-- PROBLEM STATEMENT --
From the listing below, set down exactly the lines between the one holding "Here you see" and the one holding "We also have", inclusive. No other line is wanted.

====== EXTRACTED DATA ======

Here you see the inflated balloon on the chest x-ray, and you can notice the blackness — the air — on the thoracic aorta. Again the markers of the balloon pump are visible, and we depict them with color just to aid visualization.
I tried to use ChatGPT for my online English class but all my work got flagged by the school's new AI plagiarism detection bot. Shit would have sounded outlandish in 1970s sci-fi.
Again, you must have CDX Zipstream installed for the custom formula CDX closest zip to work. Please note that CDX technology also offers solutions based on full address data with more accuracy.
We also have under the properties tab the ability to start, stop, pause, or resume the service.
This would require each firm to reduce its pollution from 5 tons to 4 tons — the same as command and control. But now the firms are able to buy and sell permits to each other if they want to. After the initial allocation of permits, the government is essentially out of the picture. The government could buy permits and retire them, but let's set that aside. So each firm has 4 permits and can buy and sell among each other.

======
====== EXTRACTED DATA ======

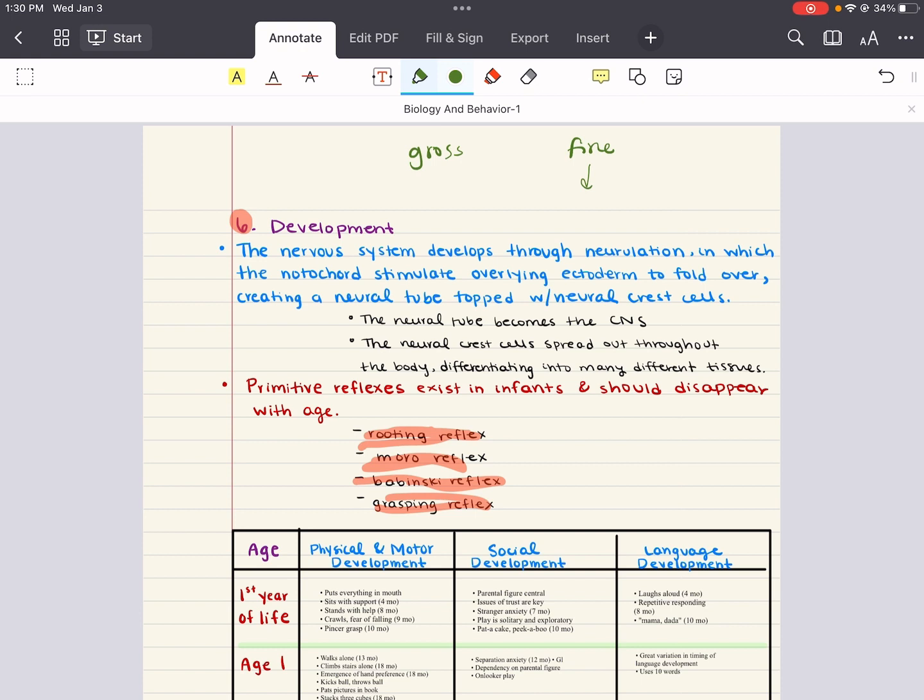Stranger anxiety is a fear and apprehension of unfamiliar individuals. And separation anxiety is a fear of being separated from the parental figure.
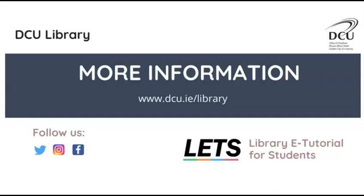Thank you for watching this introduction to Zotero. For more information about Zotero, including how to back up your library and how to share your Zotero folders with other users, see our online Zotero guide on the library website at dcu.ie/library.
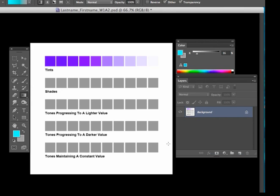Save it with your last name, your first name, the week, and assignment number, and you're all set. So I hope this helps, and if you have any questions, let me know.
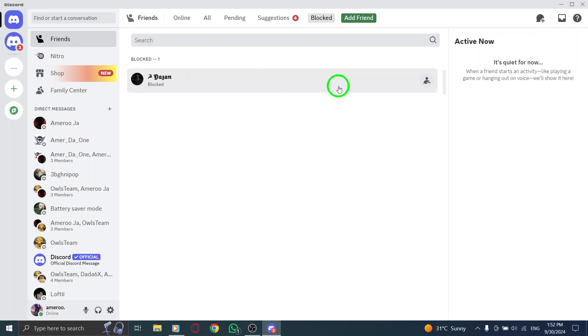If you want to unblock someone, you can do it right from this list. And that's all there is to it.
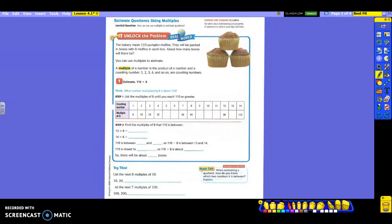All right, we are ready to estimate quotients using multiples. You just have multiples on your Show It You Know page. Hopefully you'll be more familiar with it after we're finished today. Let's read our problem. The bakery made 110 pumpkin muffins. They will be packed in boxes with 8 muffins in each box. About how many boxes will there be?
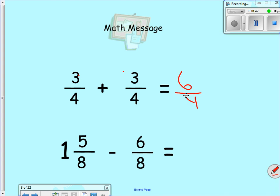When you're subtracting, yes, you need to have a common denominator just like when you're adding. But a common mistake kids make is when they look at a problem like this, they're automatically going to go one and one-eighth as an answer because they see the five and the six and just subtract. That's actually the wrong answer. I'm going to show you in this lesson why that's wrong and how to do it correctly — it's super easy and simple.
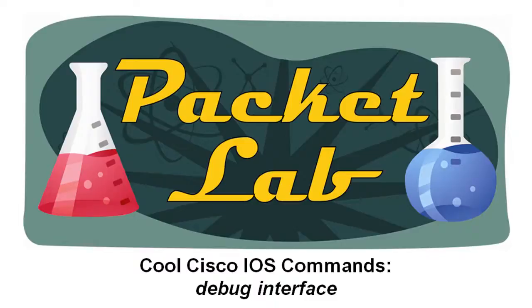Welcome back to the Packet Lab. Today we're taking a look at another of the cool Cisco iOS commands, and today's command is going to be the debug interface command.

======
====== EXTRACTED DATA ======

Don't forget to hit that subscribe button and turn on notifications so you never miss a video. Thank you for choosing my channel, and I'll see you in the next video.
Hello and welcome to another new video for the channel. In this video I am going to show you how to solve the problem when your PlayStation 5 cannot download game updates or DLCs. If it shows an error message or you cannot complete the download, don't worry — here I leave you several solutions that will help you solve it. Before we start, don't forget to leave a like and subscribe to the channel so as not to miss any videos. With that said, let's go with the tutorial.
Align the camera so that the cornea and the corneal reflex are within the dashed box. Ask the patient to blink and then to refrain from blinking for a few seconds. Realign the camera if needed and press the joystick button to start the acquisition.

======

-- OUTPUT OF THE TASK --
Here you see the inflated balloon on the chest x-ray, and you can notice the blackness — the air — on the thoracic aorta. Again the markers of the balloon pump are visible, and we depict them with color just to aid visualization.
I tried to use ChatGPT for my online English class but all my work got flagged by the school's new AI plagiarism detection bot. Shit would have sounded outlandish in 1970s sci-fi.
Again, you must have CDX Zipstream installed for the custom formula CDX closest zip to work. Please note that CDX technology also offers solutions based on full address data with more accuracy.
We also have under the properties tab the ability to start, stop, pause, or resume the service.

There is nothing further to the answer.